* _WHAT THIS TASK INVOLVES_
Reproduce the material below only from the line with "Eyebrow Powder Kit-2" to the line with "Elegant Gqp Navy Suede Women's Bucket Bag", both included, keeping each line exact and dropping the pictures.

* _DATASET EXTRACT_
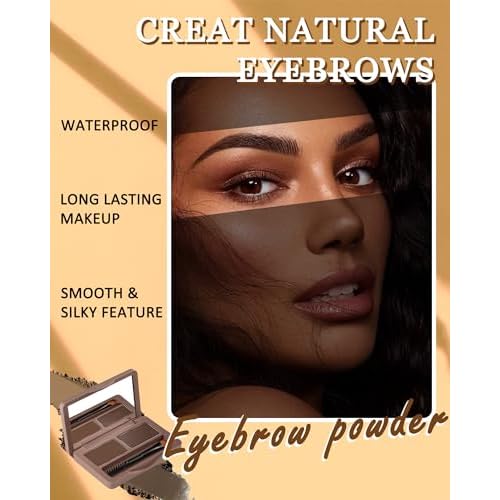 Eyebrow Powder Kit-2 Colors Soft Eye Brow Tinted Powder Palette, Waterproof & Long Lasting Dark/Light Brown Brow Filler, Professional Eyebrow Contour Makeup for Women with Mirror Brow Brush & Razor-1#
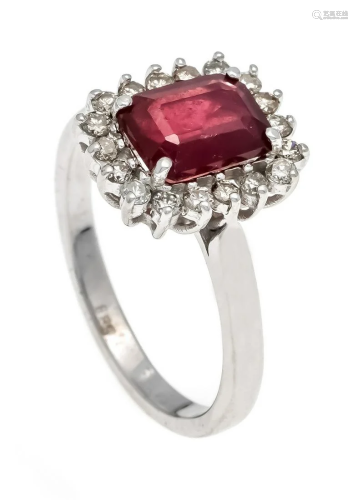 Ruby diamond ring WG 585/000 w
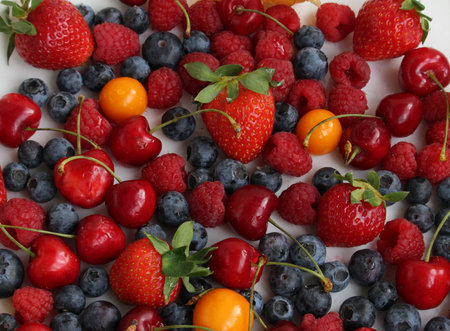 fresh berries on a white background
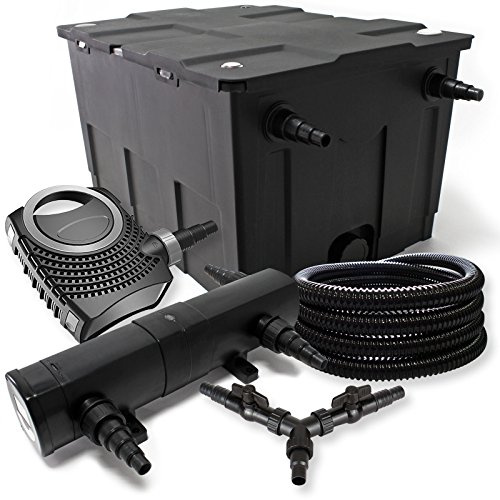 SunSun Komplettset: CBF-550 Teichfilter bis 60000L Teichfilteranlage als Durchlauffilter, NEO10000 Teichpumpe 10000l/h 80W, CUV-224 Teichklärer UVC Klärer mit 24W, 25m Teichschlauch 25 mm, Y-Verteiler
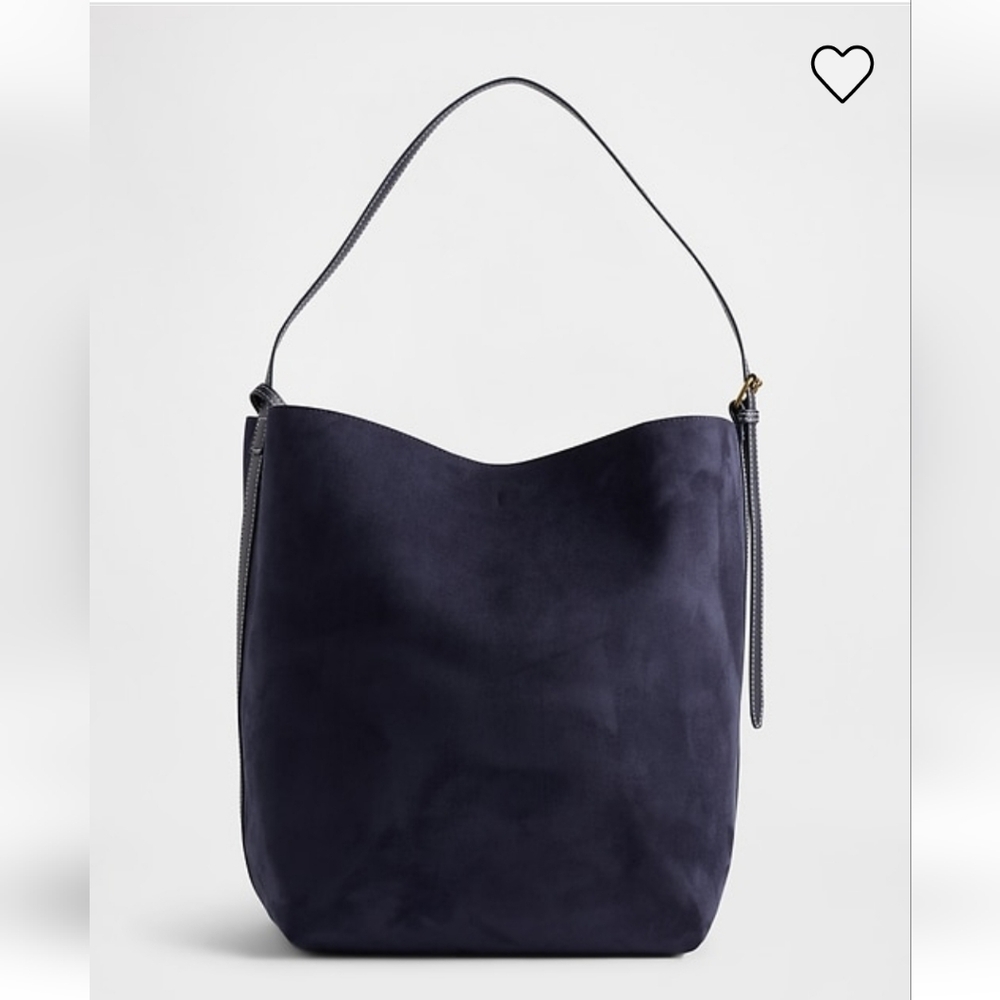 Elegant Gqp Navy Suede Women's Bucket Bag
...
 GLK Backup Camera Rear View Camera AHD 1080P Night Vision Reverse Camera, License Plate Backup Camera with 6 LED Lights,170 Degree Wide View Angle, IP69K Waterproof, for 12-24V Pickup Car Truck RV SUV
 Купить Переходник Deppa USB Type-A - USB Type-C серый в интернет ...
==
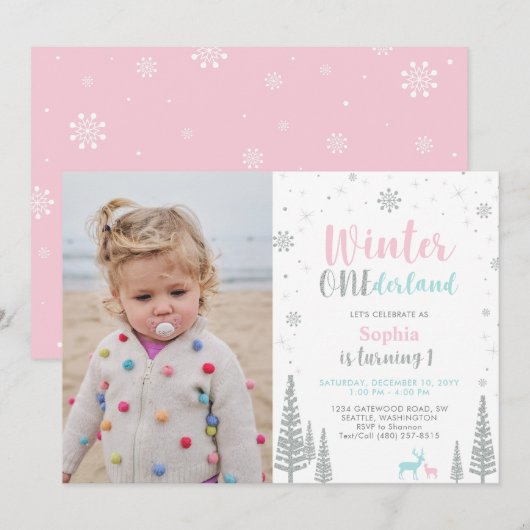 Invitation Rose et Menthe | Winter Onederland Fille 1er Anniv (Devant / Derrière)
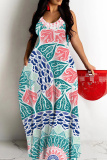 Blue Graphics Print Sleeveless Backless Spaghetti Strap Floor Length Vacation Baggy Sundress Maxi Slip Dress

* _ANSWER_
 Eyebrow Powder Kit-2 Colors Soft Eye Brow Tinted Powder Palette, Waterproof & Long Lasting Dark/Light Brown Brow Filler, Professional Eyebrow Contour Makeup for Women with Mirror Brow Brush & Razor-1#
 Ruby diamond ring WG 585/000 w
 fresh berries on a white background
 SunSun Komplettset: CBF-550 Teichfilter bis 60000L Teichfilteranlage als Durchlauffilter, NEO10000 Teichpumpe 10000l/h 80W, CUV-224 Teichklärer UVC Klärer mit 24W, 25m Teichschlauch 25 mm, Y-Verteiler
 Elegant Gqp Navy Suede Women's Bucket Bag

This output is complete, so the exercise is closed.